*** DATASET EXCERPT ***

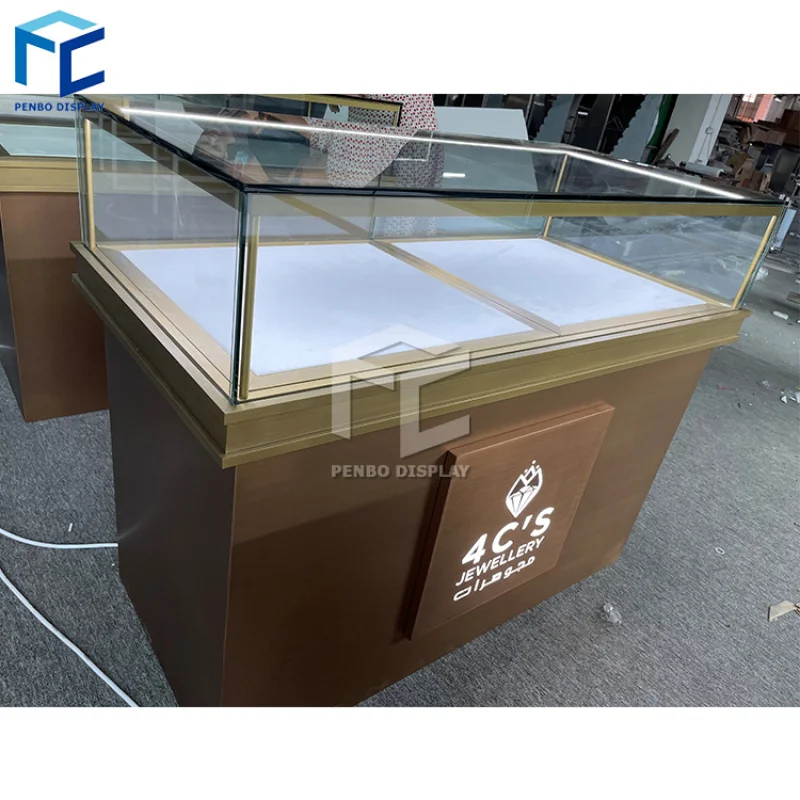 

2025customized. fashion decorative design jewelry showroom interior design furniture jewelry showcase cabinet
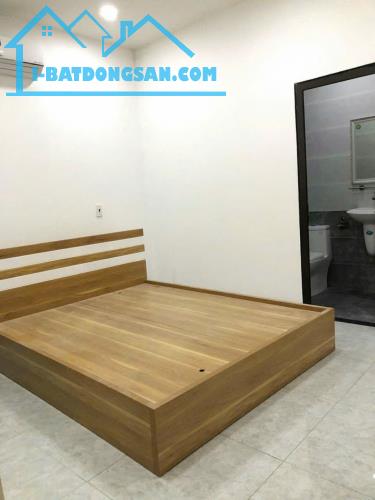 CHỈ 6.5 TỶ-DÒNG TIỀN 25TR/THÁNG-4 TẦNG -7P-XE HƠI VÀO NHÀ-HUỲNH VĂN NGHỆ-GÒ VẤP-GẦN EMART - 4
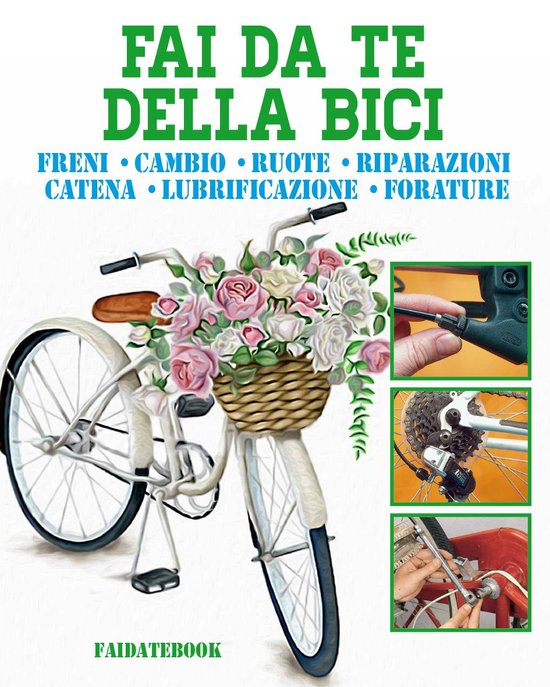 Fai da te della Bici - cover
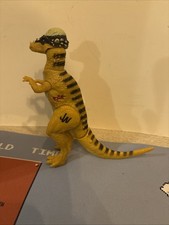 Jurassic World Dinosaur PACHYCEPHALOSAURUS Bashers Biters Articulated Hasbro2015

*** End of DATASET EXCERPT ***

Leaving aside the pictures, copy the listing above exactly.

2025customized. fashion decorative design jewelry showroom interior design furniture jewelry showcase cabinet
 CHỈ 6.5 TỶ-DÒNG TIỀN 25TR/THÁNG-4 TẦNG -7P-XE HƠI VÀO NHÀ-HUỲNH VĂN NGHỆ-GÒ VẤP-GẦN EMART - 4
 Fai da te della Bici - cover
 Jurassic World Dinosaur PACHYCEPHALOSAURUS Bashers Biters Articulated Hasbro2015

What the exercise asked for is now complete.